Assigned task: Write out each record exactly and skip every image.

Given information:

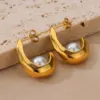 Wholesale 304 Stainless Steel Copper Geometric Electroplating PVD Coated Artificial Pearls 18K Gold Plated 18K Gold Ear Studs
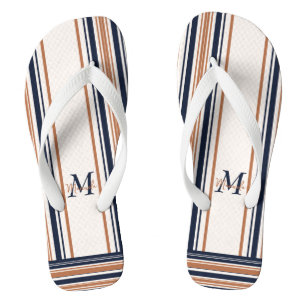 Moderne blaue und goldene weiße Streifen Monogramm Badesandalen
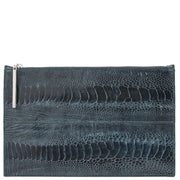 Leseli dark green ostrich clutch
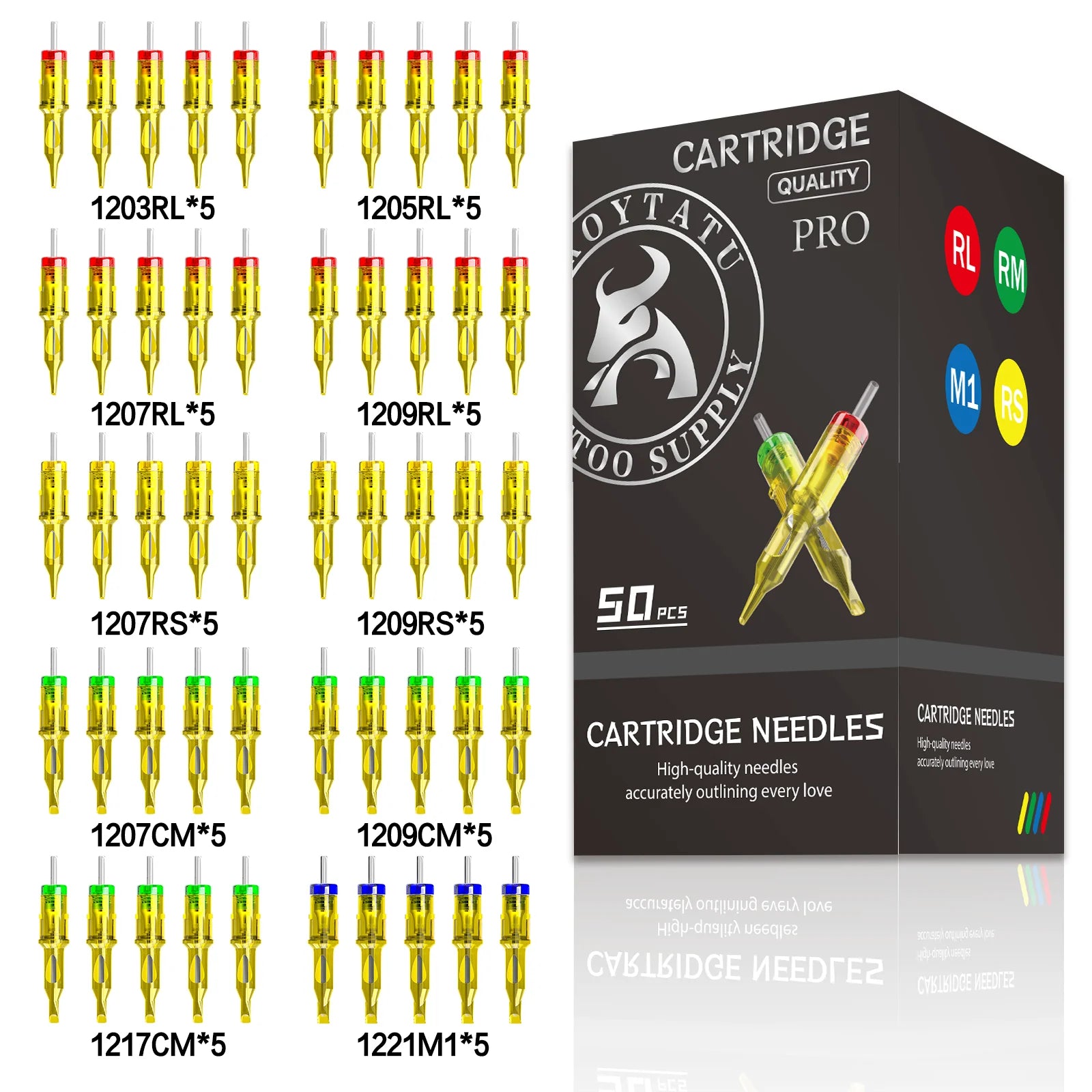 TRO Tattoo Needle Kit Disposable 50PCS Mixed Tattoo Needles Hot New Professional Tattoo Cartridge Needle For Tattoo Pen by Geo’s Online Store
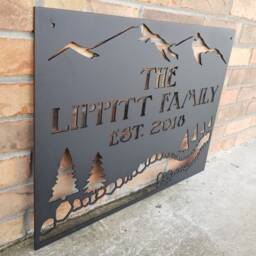 Personalized Rustic Mountain Creek Metal Sign - Custom Wilderness Wall Decor - thumbnail 2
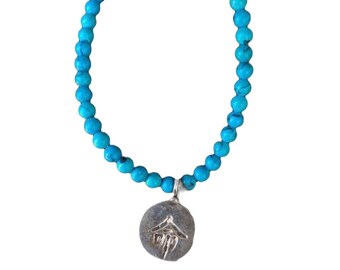 Vintage Sterling Silver and Torquoise Bead Necklace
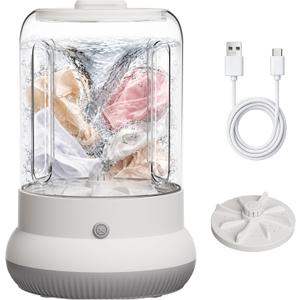 Mini Washing Maching，Rechargeable Small Underwear Washer（White）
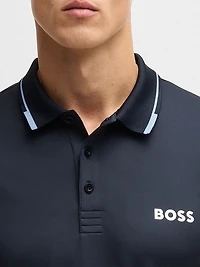 Slim-Fit Polo Shirt with Contrast Logos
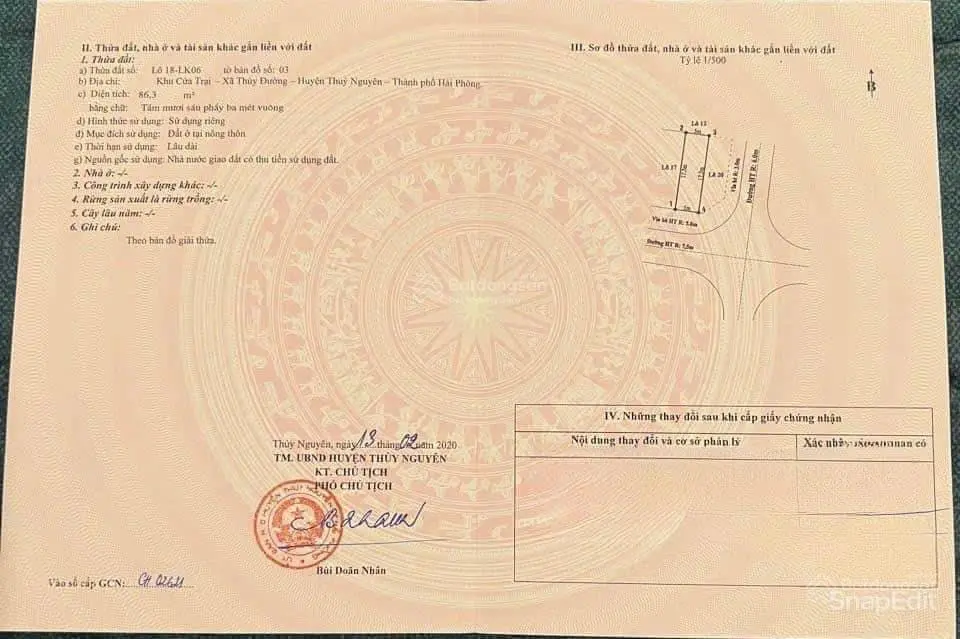 Bán cặp lô góc tại Thủy Đường, Thủy Nguyên, tổng DT 173.3 Gía chỉ nhỉnh 11 tỷ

Problem solution:
 Wholesale 304 Stainless Steel Copper Geometric Electroplating PVD Coated Artificial Pearls 18K Gold Plated 18K Gold Ear Studs
 Moderne blaue und goldene weiße Streifen Monogramm Badesandalen
 Leseli dark green ostrich clutch
 TRO Tattoo Needle Kit Disposable 50PCS Mixed Tattoo Needles Hot New Professional Tattoo Cartridge Needle For Tattoo Pen by Geo’s Online Store
 Personalized Rustic Mountain Creek Metal Sign - Custom Wilderness Wall Decor - thumbnail 2
 Vintage Sterling Silver and Torquoise Bead Necklace
 Mini Washing Maching，Rechargeable Small Underwear Washer（White）
 Slim-Fit Polo Shirt with Contrast Logos
 Bán cặp lô góc tại Thủy Đường, Thủy Nguyên, tổng DT 173.3 Gía chỉ nhỉnh 11 tỷ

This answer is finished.